There are technical ways to solve this using synchronous replication technologies, but that’s an extra credit project you do yourself for now – as of yet, that hasn’t been built into any host-based SSD products. The reality today is that using host-based SSD precludes the use of HA (but not necessarily things like vMotion, which is NOT HA).

This was touched on in some other posts, but I think it’s an increasingly critical issue in virtual computing environments that may have been a bit downplayed in other comments. If you’re either thinking about moving production server workloads to VMs or have already got them there, HA is critical for a high percentage of workloads.

I can’t imagine an enterprise customer spec’ing out a production virtual server environment without asking about HA. True, there are workloads that don’t require it, but most do.

And it’s not just virtual server environments. We’re running into an increasing number of VDI environments where they want to enable HA for at least a small percentage of the desktops – usually executive desktops. HA isn’t a deal breaker for VDI like it is for “VSI” (virtual server infrastructure), but there are clearly use cases in VDI where you want and/or need it.

Today SSD is pretty much only used as a cache, regardless of where its deployed. And to provide a given level of performance speedup, caches generally have been sized at somewhere around 2% – 4% of the primary data store (it varies by application and exactly what you’re trying to speed up).

In virtual environments, write performance is much more critical because it tends to comprise a much higher percentage of the read/write workload – in VSI environments its not uncommon to see 50% reads/50% writes, and in VDI environments we’ve seen 70% write environments. Unless you’re using a write back cache (with all the attendant additional expense associated with that), you’re not going to get any write performance speedup from the conventional cache architectures, just read.

But now think about what a log architecture, applied at the storage layer, could add. Circular logs that are continuously draining (asynchronously) as they are filling need very little storage capacity to speed up ALL writes for ALL VMs ALL the time. In our experience, you need a log of about 10GB in size for each heavily loaded physical host.

Think about what that could mean for a 16 host environment with 20TB. You could get away with 2-4 200GB enterprise flash drives instead of the 10-12 that you might otherwise deploy in a 20TB environment. If you have a “linked clone” type snapshot technology combined with storage tiering, you could take the extra SSD capacity and create a tier 0 for critical VMs that need very high read performance, like for example the golden masters in a VDI environment or common templates you use to create your server VMs.

This covers both needs – read and write performance – using a lot less storage. That means pretty much the same performance you’d get with the more expensive configuration with more SSDs for a lot less money. If you want to use SSD efficiently, a log architecture is a great idea.

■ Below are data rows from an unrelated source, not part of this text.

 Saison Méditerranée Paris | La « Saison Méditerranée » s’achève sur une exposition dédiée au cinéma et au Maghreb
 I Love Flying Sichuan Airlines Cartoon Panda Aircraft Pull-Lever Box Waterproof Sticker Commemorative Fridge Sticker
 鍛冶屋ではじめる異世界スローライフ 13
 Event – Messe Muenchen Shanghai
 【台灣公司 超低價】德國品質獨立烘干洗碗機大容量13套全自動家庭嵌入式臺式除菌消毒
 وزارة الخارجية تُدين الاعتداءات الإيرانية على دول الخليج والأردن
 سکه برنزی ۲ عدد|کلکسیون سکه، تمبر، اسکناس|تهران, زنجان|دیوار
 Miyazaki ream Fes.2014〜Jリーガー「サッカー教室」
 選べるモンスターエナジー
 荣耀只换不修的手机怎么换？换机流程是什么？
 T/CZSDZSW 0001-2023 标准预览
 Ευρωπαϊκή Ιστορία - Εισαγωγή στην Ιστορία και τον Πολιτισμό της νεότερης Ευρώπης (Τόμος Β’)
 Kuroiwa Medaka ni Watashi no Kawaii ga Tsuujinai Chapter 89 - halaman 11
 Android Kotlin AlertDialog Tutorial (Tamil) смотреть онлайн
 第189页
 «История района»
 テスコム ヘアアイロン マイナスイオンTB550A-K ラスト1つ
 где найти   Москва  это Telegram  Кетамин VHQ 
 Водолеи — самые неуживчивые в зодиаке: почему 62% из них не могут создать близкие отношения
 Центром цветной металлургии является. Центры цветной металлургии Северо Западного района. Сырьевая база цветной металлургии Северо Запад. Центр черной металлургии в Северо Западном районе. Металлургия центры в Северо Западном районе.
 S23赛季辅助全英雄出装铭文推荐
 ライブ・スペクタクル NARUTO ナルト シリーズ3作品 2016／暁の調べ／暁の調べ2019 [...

And if the logs are placed in shared, non-volatile, external storage (like the SSDs hosted in a SAN array or SAN-based SSD appliance), you can fully support HA.

Host-based SSD cards are closer to the physical host so theoretically they’ll provide more performance speedup, but given Amdahl’s law, how much of that can you really use? Array-based SSD will still get you past storage latencies as your critical bottleneck, and if they’re implemented using a log based architecture you’ll get HA and large write performance speedups as well using a lot less of it.

The StorageMojo take
Write-through caches avoid a lot of sticky update synchronization problems, but as Eric notes they aren’t the best choice in write-intensive environments. And HA adds to the requirements: the cache must be network accessible.

But his larger point bears repeating: SSDs are wonderful for handling metadata. And as we move to object storage and more metadata that capability will become even more valuable.

Courteous comments welcome, of course. I think Virsto’s architecture is smart and fixes some real problems with VMware and vMotion.